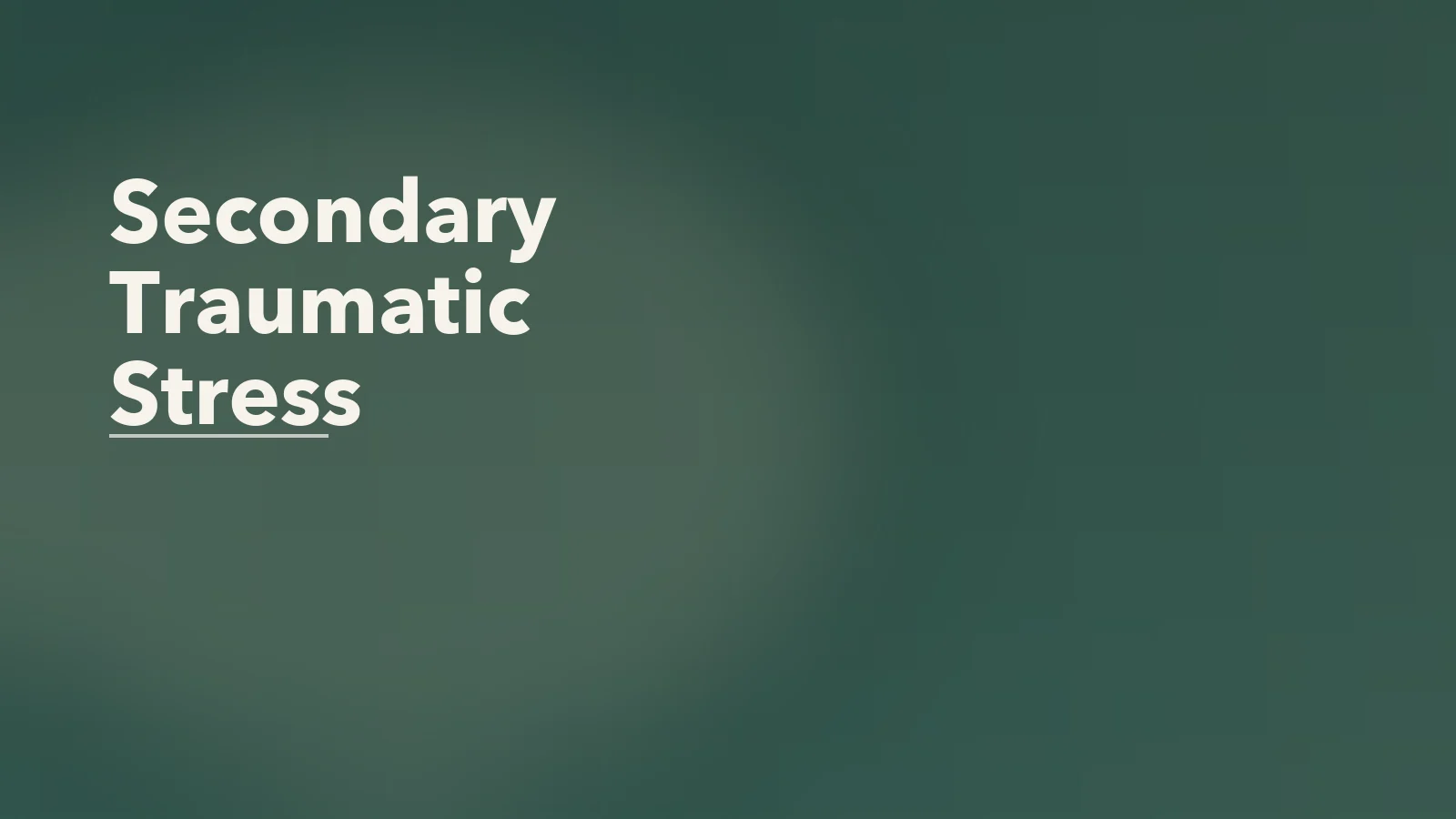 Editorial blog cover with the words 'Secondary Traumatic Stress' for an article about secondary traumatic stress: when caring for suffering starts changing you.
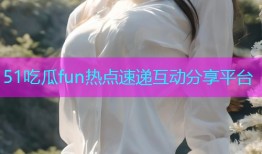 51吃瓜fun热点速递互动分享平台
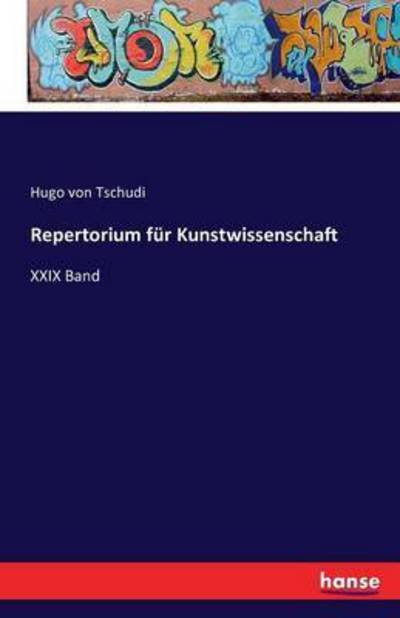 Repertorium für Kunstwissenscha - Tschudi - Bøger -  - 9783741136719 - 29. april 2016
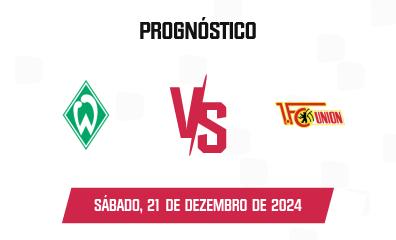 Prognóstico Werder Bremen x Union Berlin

* * *

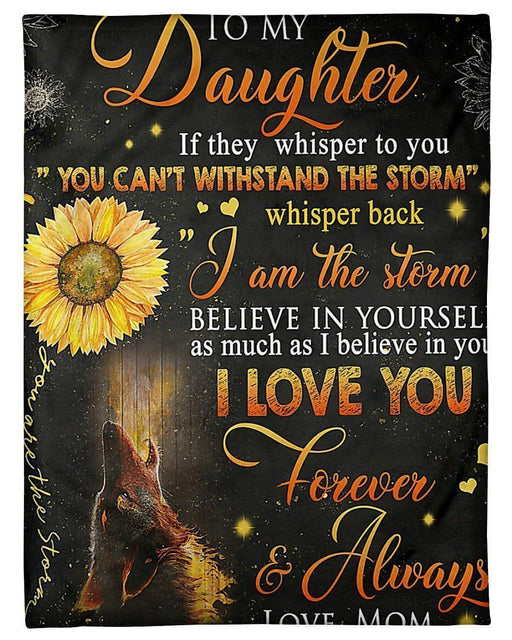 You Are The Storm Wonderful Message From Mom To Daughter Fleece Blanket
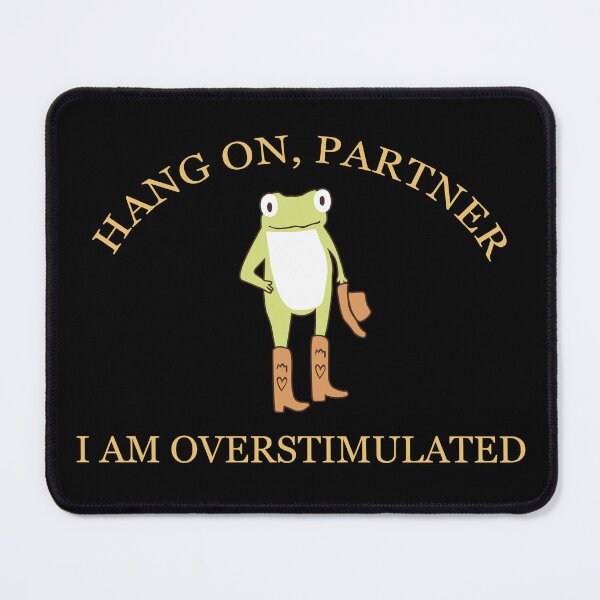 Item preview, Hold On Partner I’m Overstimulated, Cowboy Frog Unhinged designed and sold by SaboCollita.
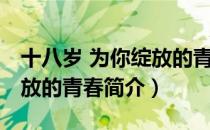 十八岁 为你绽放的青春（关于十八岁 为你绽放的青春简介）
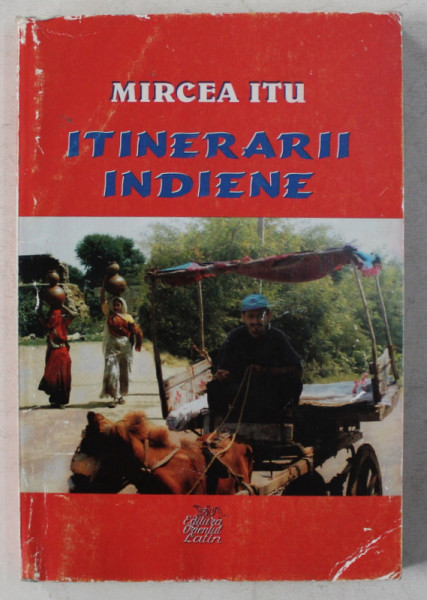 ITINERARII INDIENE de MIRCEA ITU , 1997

• [WHAT THE TASK ASKS]
The answer is those lines of the material above that run from the one containing "Item preview, Hold" up to and including the one containing "ITINERARII INDIENE de MIRCEA ITU , 1997", restated exactly and without images.

• [COMPLETED EXERCISE]
 Item preview, Hold On Partner I’m Overstimulated, Cowboy Frog Unhinged designed and sold by SaboCollita.
 十八岁 为你绽放的青春（关于十八岁 为你绽放的青春简介）
 ITINERARII INDIENE de MIRCEA ITU , 1997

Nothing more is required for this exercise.